If you want to see what is in the cache of unbound..

[24.03-RELEASE][admin@sg4860.home.arpa]/: unbound-control -c /var/unbound/unbound.conf dump_cache

you can also see what unbound would use to lookup a specific url and what it has cached for it.

[24.03-RELEASE][admin@sg4860.home.arpa]/: unbound-control -c /var/unbound/unbound.conf lookup forum.netgate.com
The following name servers are used for lookup of forum.netgate.com.
;rrset 584 3 0 7 0
netgate.com.    584     IN      NS      ns3.netgate.com.
netgate.com.    584     IN      NS      ns2.netgate.com.
netgate.com.    584     IN      NS      ns1.netgate.com.
;rrset 584 1 0 3 0
ns1.netgate.com.        584     IN      A       208.123.73.80
;rrset 584 1 0 3 0
ns2.netgate.com.        584     IN      A       208.123.73.90
;rrset 584 1 0 3 0
ns3.netgate.com.        584     IN      A       34.197.184.5
Delegation with 3 names, of which 3 can be examined to query further addresses.
It provides 3 IP addresses.
34.197.184.5            not in infra cache.
208.123.73.90           not in infra cache.
208.123.73.80           not in infra cache.
[24.03-RELEASE][admin@sg4860.home.arpa]/:

If you want to see what unbound has in its cache for a specific record

[24.03-RELEASE][admin@sg4860.home.arpa]/: unbound-control -c /var/unbound/unbound.conf dump_cache | grep forum.netgate.com
forum.netgate.com.      484     IN      A       208.123.73.71
msg forum.netgate.com. IN A 32896 1 484 0 1 1 3 -1 
forum.netgate.com.
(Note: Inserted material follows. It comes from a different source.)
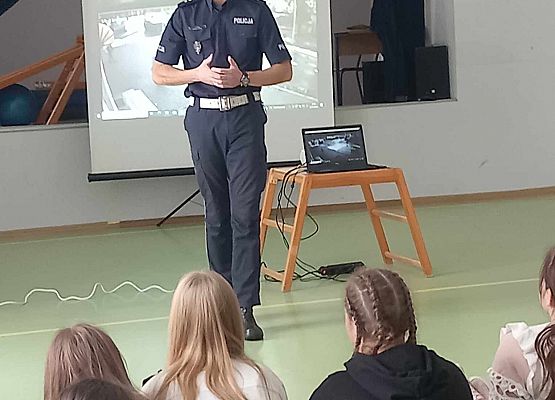 Grafika 5: Spotkanie z policjantami, 29.11.2023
IN A 0
[24.03-RELEASE][admin@sg4860.home.arpa]/:

If you want to see for example what windows has in its local cache

ipconfig /displaydns

Gertjan

@jrey said in DNS Reply Resolver vs Reply and cache:

in the response what is the subtle difference between
resolver vs. reply

The unbound receives a request.
If it's a host name and unbound knows about, the answer is given right away.
For examples : host overrides or static DHCP leases.
If not, the cache is checked, and if its found and TTL is still valid => bingo.
This is what happens normally the most of the time :

Grey = hit.
Some other color : resolving took place, so this took some time.
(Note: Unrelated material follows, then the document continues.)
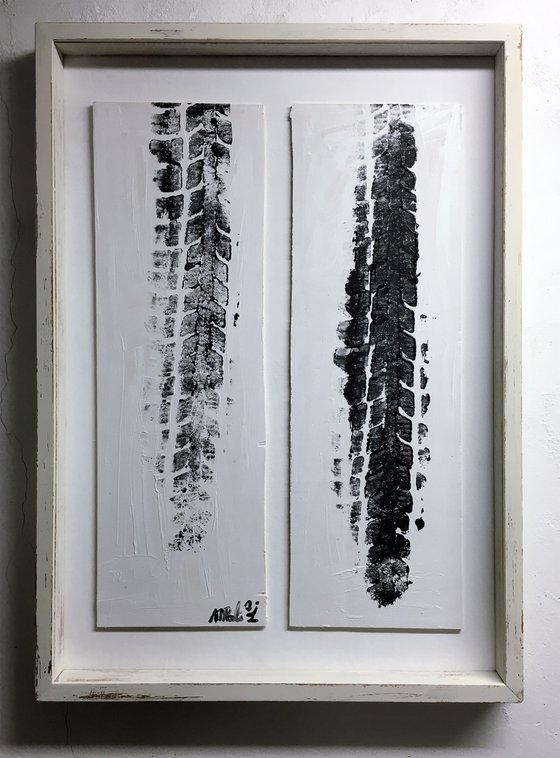 Diptych Black Tracks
Btw, There is always more to it.
Like this one :

The first and fourth are obvious ... and make caching even faster as expired stuff gets renewed 'if ever needed again' so the cache will grow ....

jrey

@johnpoz

what is in the local cache for both cases is
unbound-control -c /var/unbound/unbound.conf lookup sample_in_question
"the following name servers are used for lookup of .... and it list the upstreams

This is the same for both cases. so is the dig

however,

Starting with no record upstream

on localhost query, cache record is created on the upstream
delete the upstream cache
query again the subsequent response, cache record is created on the upstream

when the query is made from the localhost, does not return the "cache" and always creates the record in the upstream if I delete the cache there in between the queries --- ie it is going to the upstream every single time the request is made from localhost. it look like this..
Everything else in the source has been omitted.